Not many barbershops are left, Zak said. Because all haircutting businesses are licensed as “barbering and cosmetology establishments,” no longer separated into barbershops and beauty parlors, state records do not reflect the difference. Technically, Zak’s Barber Shop might be called Zak’s Barbering and Cosmetology Shop.

“I hate to say it,” Zak observed, “but I think barbershops will go away. They won’t be called barbershops anymore.”

But they will be missed. Gardner Orsted, who is 93, has been Bill’s customer since he started cutting hair in Baileys Harbor. He not only likes the way Zak cuts his hair, but “Bill keeps us informed about all the news in Baileys Harbor and always tells us a good story every time we’re there!”

Butch Hugenroth, another local resident and long-time customer, doesn’t care for salons because “they don’t talk deer hunting or politics.” The clients of the Harbor Barber represent “a cross section of the world,” Hugenroth said, ranging from a disgruntled Milwaukee factory owner threatening to move his business, to a couple of WWII Army buddies who met in the barbershop after not seeing each other for 55 years.
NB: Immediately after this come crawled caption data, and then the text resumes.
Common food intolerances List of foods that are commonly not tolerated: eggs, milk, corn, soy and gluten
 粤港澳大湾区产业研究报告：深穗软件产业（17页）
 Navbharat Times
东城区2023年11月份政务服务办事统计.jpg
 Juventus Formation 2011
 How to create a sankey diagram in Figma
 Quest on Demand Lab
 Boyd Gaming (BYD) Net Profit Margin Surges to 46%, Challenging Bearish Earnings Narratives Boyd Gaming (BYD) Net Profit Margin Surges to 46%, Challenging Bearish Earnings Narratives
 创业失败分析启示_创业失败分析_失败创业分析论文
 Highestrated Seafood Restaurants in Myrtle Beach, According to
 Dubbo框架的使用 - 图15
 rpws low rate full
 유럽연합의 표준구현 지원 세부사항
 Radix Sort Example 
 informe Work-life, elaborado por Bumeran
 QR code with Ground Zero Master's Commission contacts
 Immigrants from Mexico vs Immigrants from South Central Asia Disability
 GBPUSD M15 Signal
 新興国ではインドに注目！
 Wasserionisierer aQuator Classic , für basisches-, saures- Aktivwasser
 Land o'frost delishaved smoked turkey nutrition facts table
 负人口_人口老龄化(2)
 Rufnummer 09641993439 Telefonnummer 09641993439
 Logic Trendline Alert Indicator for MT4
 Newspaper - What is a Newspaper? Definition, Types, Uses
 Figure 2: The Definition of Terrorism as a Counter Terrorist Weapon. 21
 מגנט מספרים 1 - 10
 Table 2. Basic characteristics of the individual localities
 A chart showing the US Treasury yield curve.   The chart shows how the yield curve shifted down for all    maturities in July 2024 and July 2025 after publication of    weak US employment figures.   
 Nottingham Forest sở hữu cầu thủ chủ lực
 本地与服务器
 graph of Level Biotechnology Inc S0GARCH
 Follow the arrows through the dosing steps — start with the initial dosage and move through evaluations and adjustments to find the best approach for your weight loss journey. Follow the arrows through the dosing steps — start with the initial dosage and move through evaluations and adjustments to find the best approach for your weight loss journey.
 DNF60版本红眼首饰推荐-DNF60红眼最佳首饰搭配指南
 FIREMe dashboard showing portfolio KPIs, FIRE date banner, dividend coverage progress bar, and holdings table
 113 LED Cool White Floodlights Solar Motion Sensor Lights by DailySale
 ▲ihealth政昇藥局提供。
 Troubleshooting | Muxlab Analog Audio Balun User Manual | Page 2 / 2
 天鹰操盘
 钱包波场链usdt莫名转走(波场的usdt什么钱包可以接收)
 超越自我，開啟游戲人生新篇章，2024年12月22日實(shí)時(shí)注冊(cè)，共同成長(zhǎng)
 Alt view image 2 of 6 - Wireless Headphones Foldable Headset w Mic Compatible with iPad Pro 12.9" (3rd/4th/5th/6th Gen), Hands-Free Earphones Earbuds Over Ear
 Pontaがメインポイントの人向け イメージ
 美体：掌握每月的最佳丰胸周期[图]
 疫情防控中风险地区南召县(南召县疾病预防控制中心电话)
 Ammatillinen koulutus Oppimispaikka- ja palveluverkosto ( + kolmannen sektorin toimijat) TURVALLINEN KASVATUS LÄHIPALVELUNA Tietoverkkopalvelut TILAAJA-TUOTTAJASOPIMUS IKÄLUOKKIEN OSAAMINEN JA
“Young people miss out on the history of rural America when they go to fancy shops,” Hugenroth concluded.

Barbershops have traditionally been male sanctuaries, places where guys not only got a haircut, but hung out and told stories. Men have always left barbershops not only better groomed but feeling that their batteries have been recharged.

Willard Zak regards himself as semi-retired now, working shorter hours but continuing to barber “because I enjoy it.” And those of us who are his customers continue to appreciate that fading institution he persists in maintaining, the barbershop.